From the material below, copy exactly the lines beginning with the one that contains "StarTech.com Hub USB-C" and ending with the one that contains "Herz-Folienballon beige Spitze"; the pictures stay out.

**Available data:**
[Start of section]

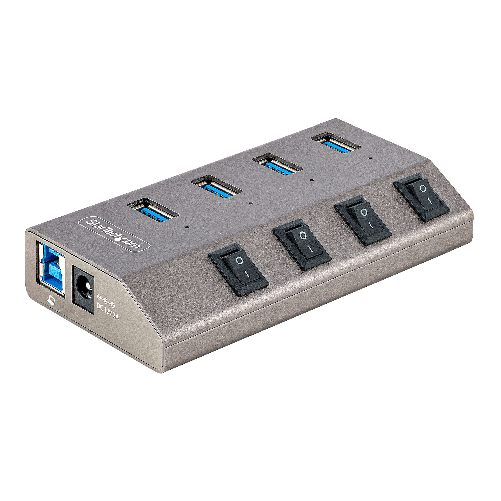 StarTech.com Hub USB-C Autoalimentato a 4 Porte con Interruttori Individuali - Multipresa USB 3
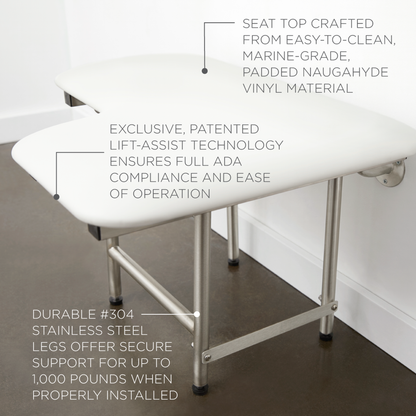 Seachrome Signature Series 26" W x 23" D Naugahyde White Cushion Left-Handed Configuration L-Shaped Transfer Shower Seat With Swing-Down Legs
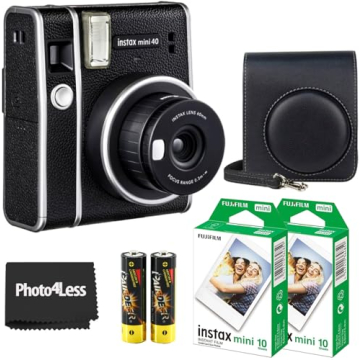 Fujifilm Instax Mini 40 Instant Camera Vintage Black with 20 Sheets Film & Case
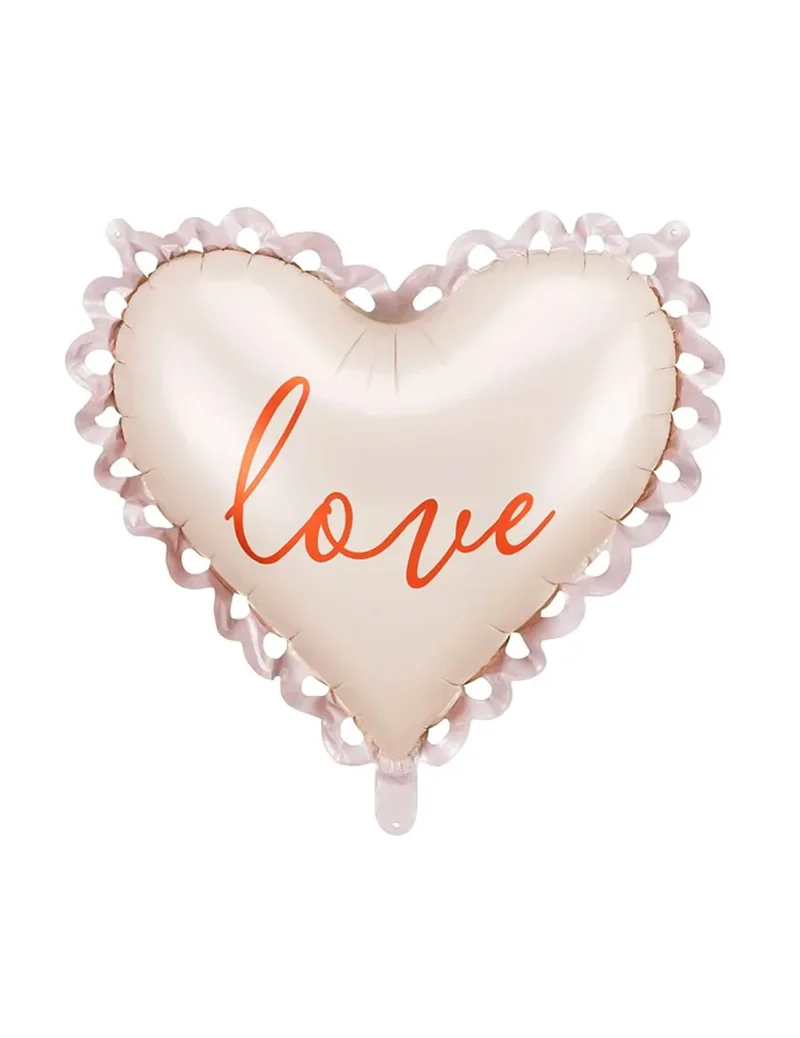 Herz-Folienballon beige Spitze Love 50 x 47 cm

[End of section]
[Start of section]

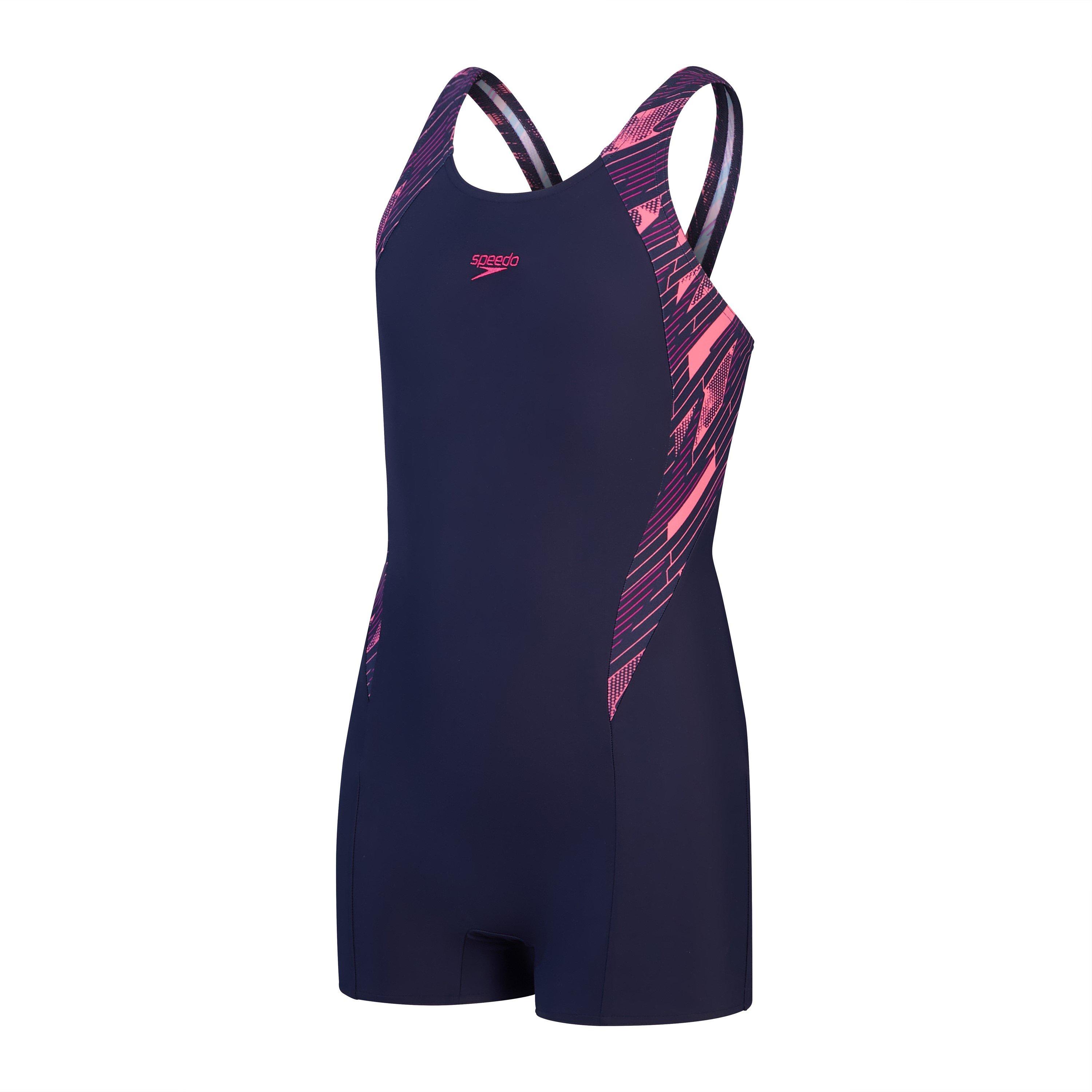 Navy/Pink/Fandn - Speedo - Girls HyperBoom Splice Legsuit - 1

[End of section]

**Finished exercise:**
 StarTech.com Hub USB-C Autoalimentato a 4 Porte con Interruttori Individuali - Multipresa USB 3
 Seachrome Signature Series 26" W x 23" D Naugahyde White Cushion Left-Handed Configuration L-Shaped Transfer Shower Seat With Swing-Down Legs
 Fujifilm Instax Mini 40 Instant Camera Vintage Black with 20 Sheets Film & Case
 Herz-Folienballon beige Spitze Love 50 x 47 cm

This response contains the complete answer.